For Moose, Sept. 11, 2001 was a flurry of phone calls, the first of which came in from the Mother of All Moosians at around 9:15, as Moose lingered over the morning paper and a second cup of coffee. (She had been on campus late the night before, teaching a grad seminar.) "Well, I guess you know what happened," her mom said when she picked up the phone. "Apparently I don't," Moose replied. "What are you talking about?" The MoAM told her to turn on the television. She did and watched in horror as smoke filled the cerulean skies of Manhattan. She and her mom were still on the phone when reports of a jet plowing into the Pentagon were first broadcast. "Mom, I have to go," Moose said abruptly, seized by a sudden panic. "I have to find Goose." Goose had gone to campus for an 8 a.m. meeting that day. Moose's first impulse when she realized something terrible was unfolding so close to home was to find her, reach her, get her back safe to the house.

Moose spent the next 16 hours in her bathrobe, glued to the television and the telephone. A neighbor who worked downtown called in worried about her daughter at school in the suburbs. And to report that she could see the Pentagon in flames from her office. A friend from Oslo called, her usually restrained Nordic voice filled with emotion. "Europe is with you," she told Moose. "We are watching, and we are with you." Something about that call -- those words, that small, intimate acknowledgment of the global significance of what was happening, got to Moose, momentarily unhinging her. When her younger sister phoned in from Michigan a few minutes later, all she could do was cry and say, "What am I supposed to do? I feel like World War III is breaking out, and it's already five miles from my house." "I know," her sister comfortingly replied, "I know." It was all that could have been said.

Goose didn't get home until late in the afternoon, ordered to stay on campus by the authorities at Queer the Turtle U., who sensibly decided it wouldn't be wise to send all the grown-ups home and leave the students alone on campus. She and Moose were on the phone when office workers were leaping out of windows in the World Trade Center. They were still talking when the first of the towers fell. "What do you mean, the tower is falling?" Goose said, unable to imagine such a thing could happen.

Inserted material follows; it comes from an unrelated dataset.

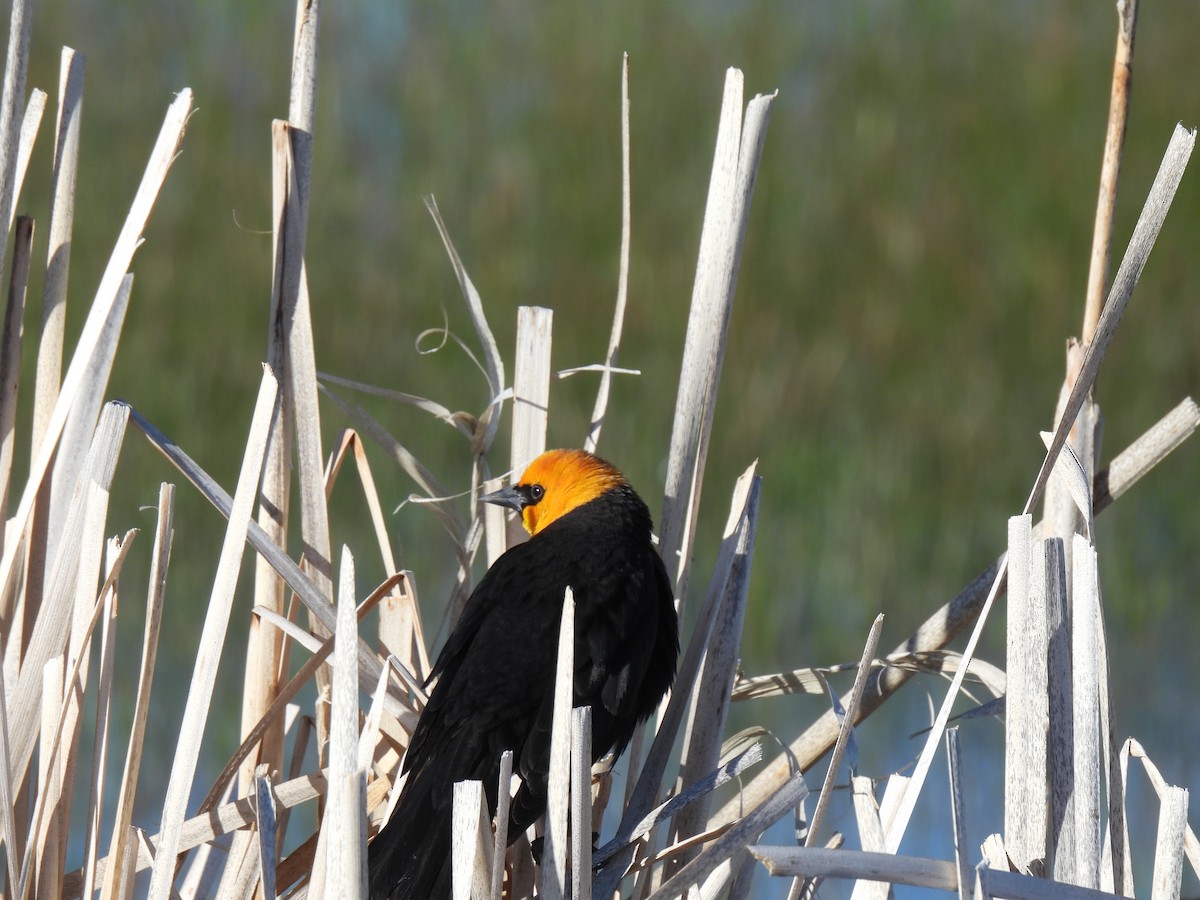 Yellow-headed Blackbird - Margi Finch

But it did. Seven years later, Roxie's World pauses to remember that the unimaginable can happen on an achingly beautiful autumn morning. The world can change in an instant. Individual lives can be lost, shattered, or merely transformed. And all you can say is, "I know."

Be safe, beloveds. Remember that dog is with you, today and every day. Peace out.

1 comment:

  1. Thanks you Roxie. And may dog be with us all.